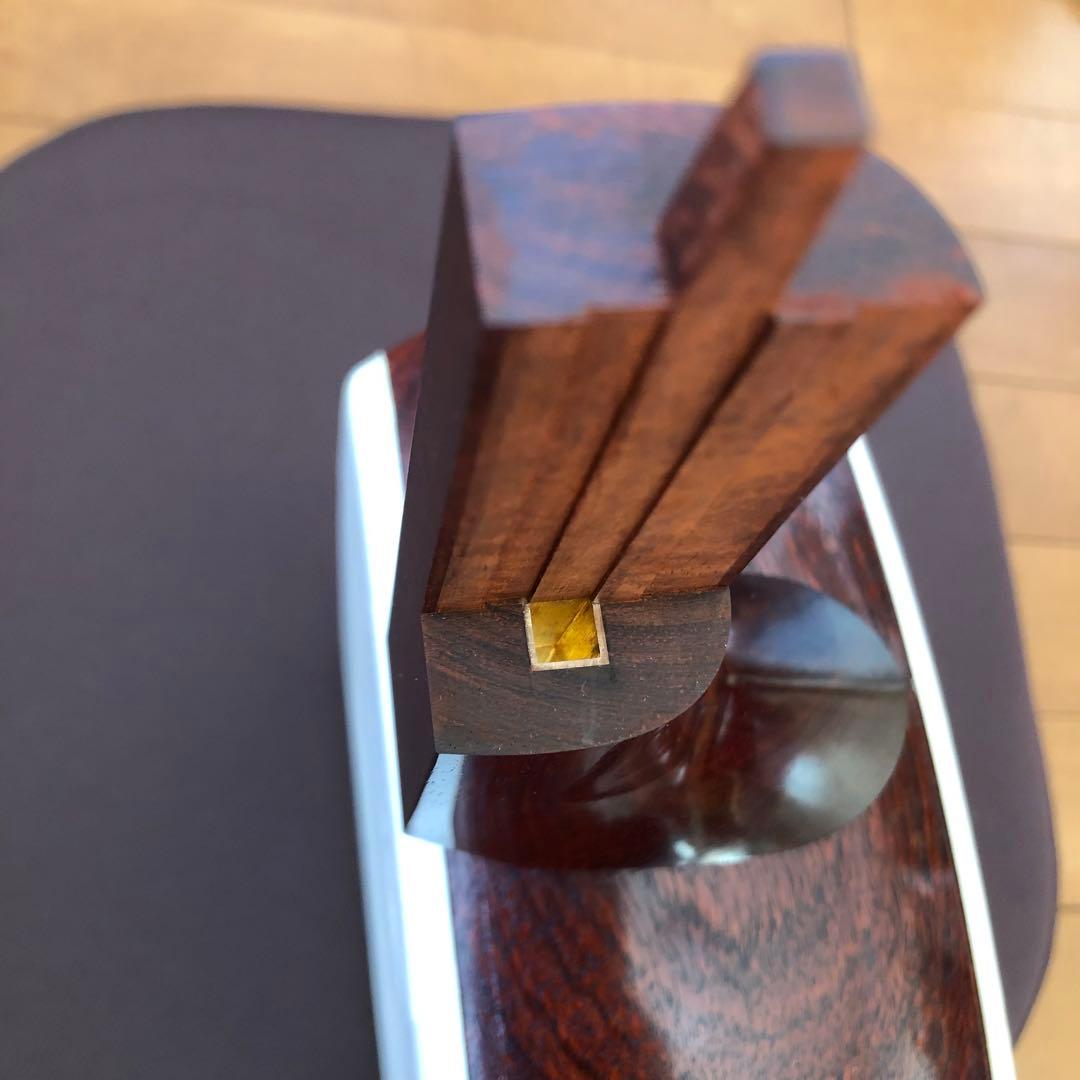 三味線　美品　地唄用　子持ち綾杉彫　金細　ケース付き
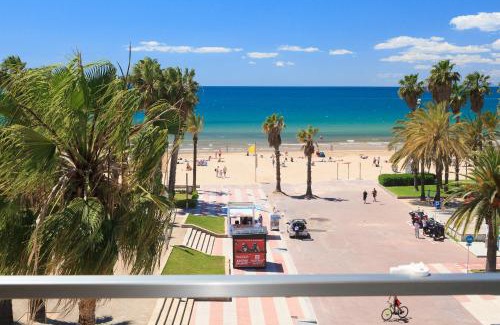 Salou City Centre Apartment | Family-Friendly Retreat at Tous Planet Costa Dorada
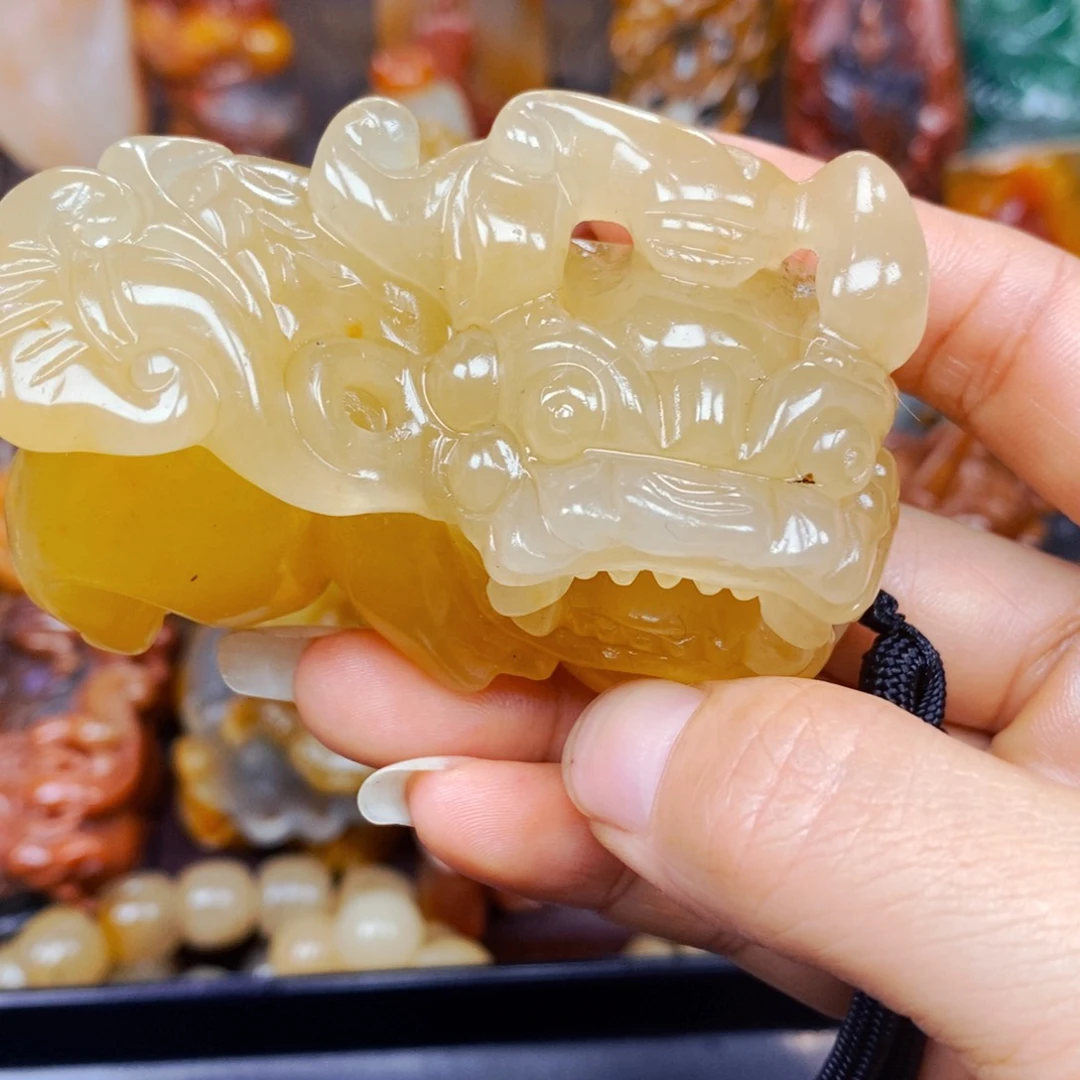 石英质玉（黄龙玉）未镶嵌颈饰
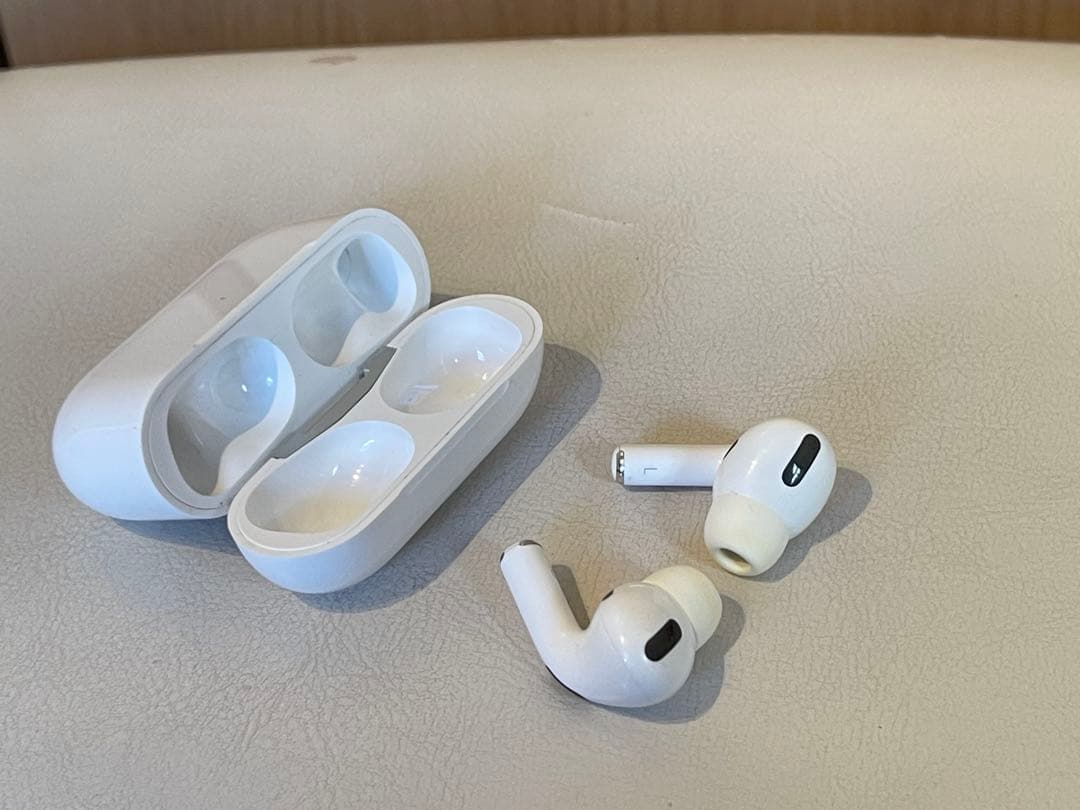 AirPods Pro 第1世代 両耳 充電ケース付 ワイヤレ　ノイキャン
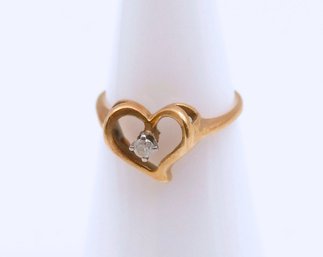14K Gold Heart Shaped Ring With Diamond - Size 5.5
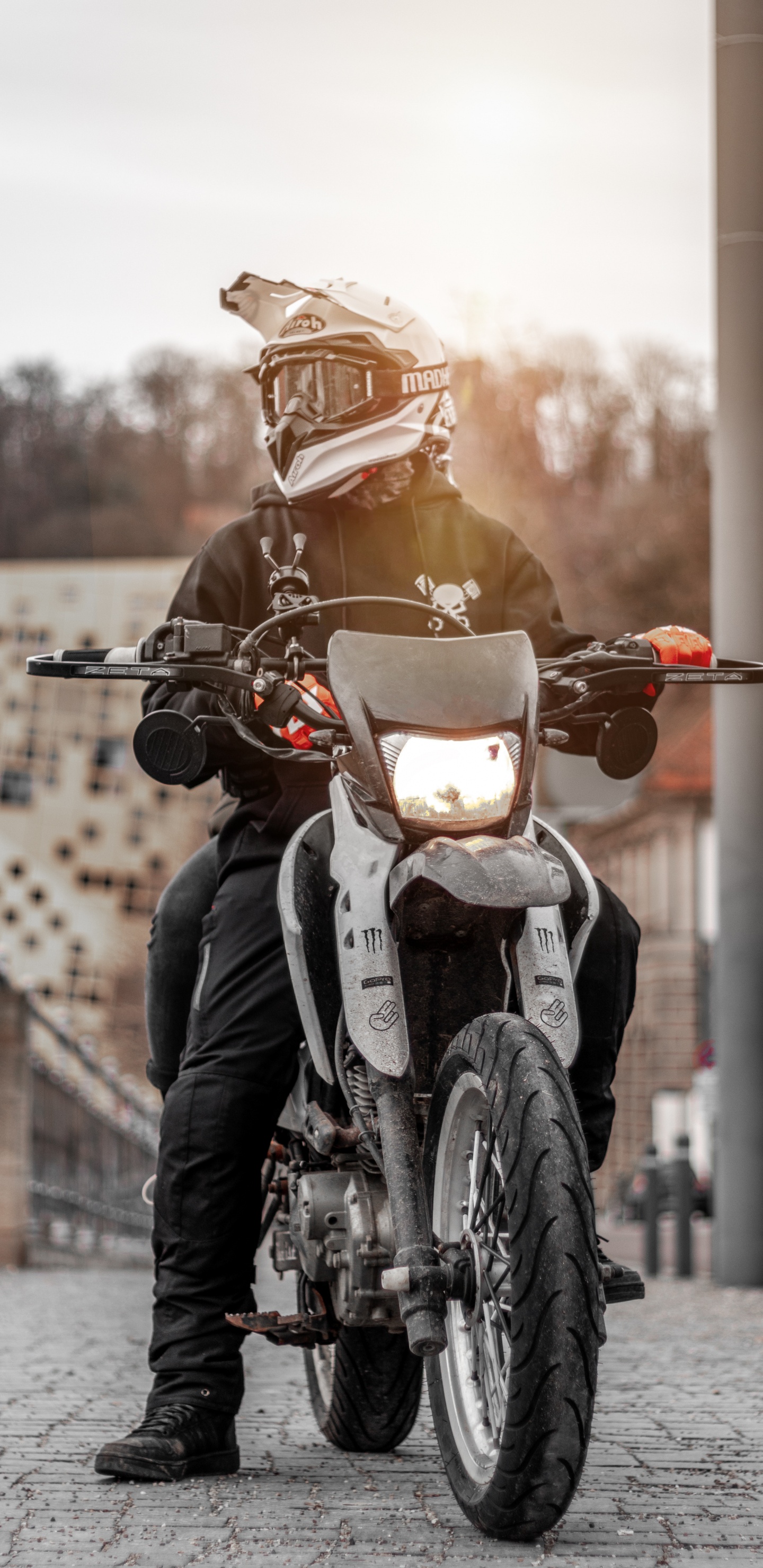 Обои мотоциклетный шлем, мотоцикл, супермото, мотоспорт, авто в разрешении 1440x2960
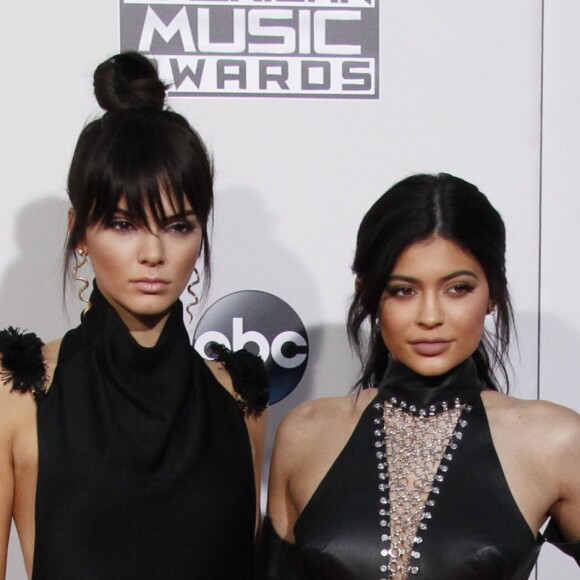 Kendall Jenner et sa soeur Kylie Jenner à La 43ème cérémonie annuelle des "American Music Awards" à Los Angeles, le 22 novembre 2015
····················
## Work instructions
Each entry above should be written out verbatim, minus its pictures.

## Solution to this task
 三味線　美品　地唄用　子持ち綾杉彫　金細　ケース付き
 Salou City Centre Apartment | Family-Friendly Retreat at Tous Planet Costa Dorada
 石英质玉（黄龙玉）未镶嵌颈饰
 AirPods Pro 第1世代 両耳 充電ケース付 ワイヤレ　ノイキャン
14K Gold Heart Shaped Ring With Diamond - Size 5.5
 Обои мотоциклетный шлем, мотоцикл, супермото, мотоспорт, авто в разрешении 1440x2960
 Kendall Jenner et sa soeur Kylie Jenner à La 43ème cérémonie annuelle des "American Music Awards" à Los Angeles, le 22 novembre 2015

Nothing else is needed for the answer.